§ About this task
Leaving out the pictures, please reproduce exactly and only the lines from the one that contains "Ngan Siu Mui" through the last line below.

§ Available data
=== Begin Enclosure ===

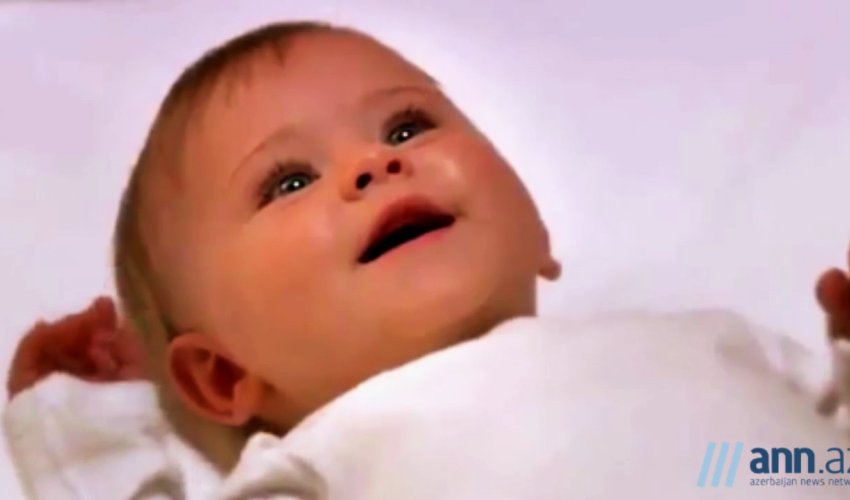 OBYEKTİVDƏ: Süd pulu - ANN.TV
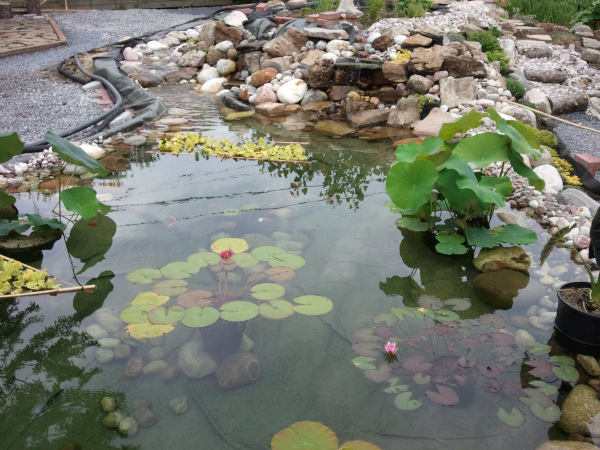 Ngan Siu Mui Garden Pond, Designing and Finishing Construction by Jean-Yves Pelletier, 2011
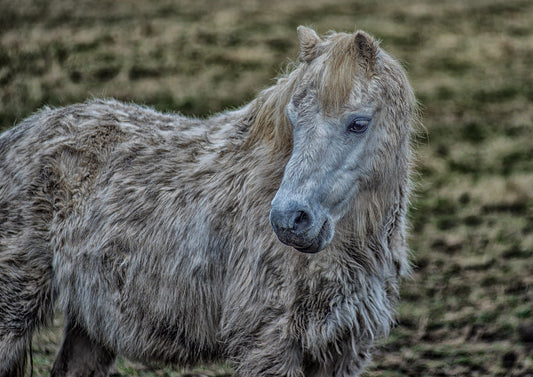 Image d'un cheval hirsute, signe d'un syndrome de Cushing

=== End Enclosure ===

§ Response area
 Ngan Siu Mui Garden Pond, Designing and Finishing Construction by Jean-Yves Pelletier, 2011
 Image d'un cheval hirsute, signe d'un syndrome de Cushing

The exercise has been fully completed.